An Auditing API for Checking in on API Client Activity

Google just released a mobile audit solution for their Google Apps Unlimited users who are looking to monitor activity across iOS and Android devices. At first look, the concept didn't strike me as anything I should write about. However, once I got to thinking about how the concept applies beyond mobile to IoT and the potential for external third-party auditing of API and endpoint consumption, it stood out as a pattern I'd like to have in the filing cabinet for future reference.

Using the Google Admin SDK Reports API, you can access mobile audit information by users, device, or by auditing events. API responses include details about the device including model, serial numbers, user emails, and any other element that included as part of device inventory. This model seems like it could easily be adapted to IoT devices, bots, and voice clients.

One aspect that stood out for me as a pattern I'd like to see emulated elsewhere is the ability to verify that all of your deployed devices are running the latest security updates. After the recent IoT launched DDOS attack on Krebs on Security, I would suggest that the security camera industry needs to consider implementing an audit API, with the ability to check for camera device security updates.

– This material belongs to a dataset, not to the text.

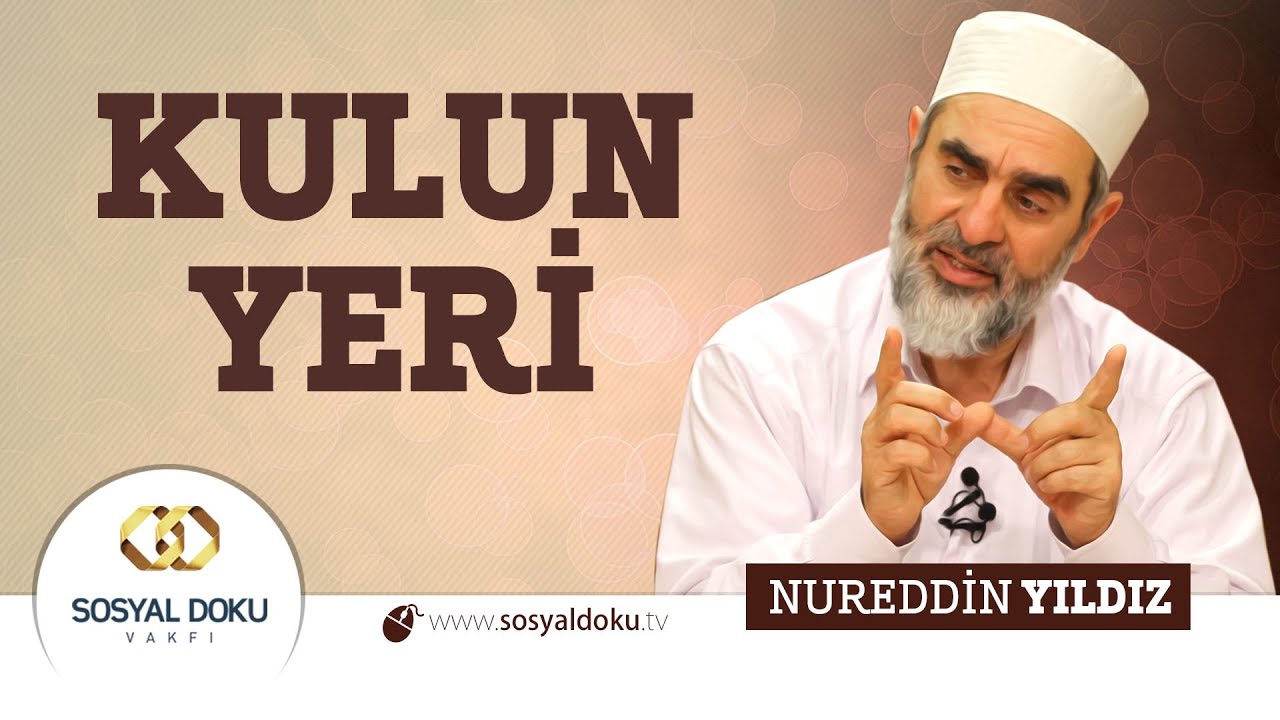 85) Hadislerle Diriliş - KULUN YERİ - Nureddin Yıldız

Another area that caught my attention was their mention that "mobile administrators have been asking for a way to take proactive actions on devices without requiring manual intervention," meaning you could automate certain events by turning off or limiting access to specific API resources. When you open this up to IoT devices, I can envision many benefits depending on the type of device in play.

There are two dimensions of this story for me: 1) that you can have these audit events apply to potentially any client that is consuming API resources, and 2) the fact that you can access this data in real-time or on a scheduled basis via an API. With a little webhook action involved, I could really envision some interesting auditing scenarios that are internally executed, as well as an increasing number of them being executed by external third party auditors making sure mobile, devices, and other API-driven clients are operating as intended.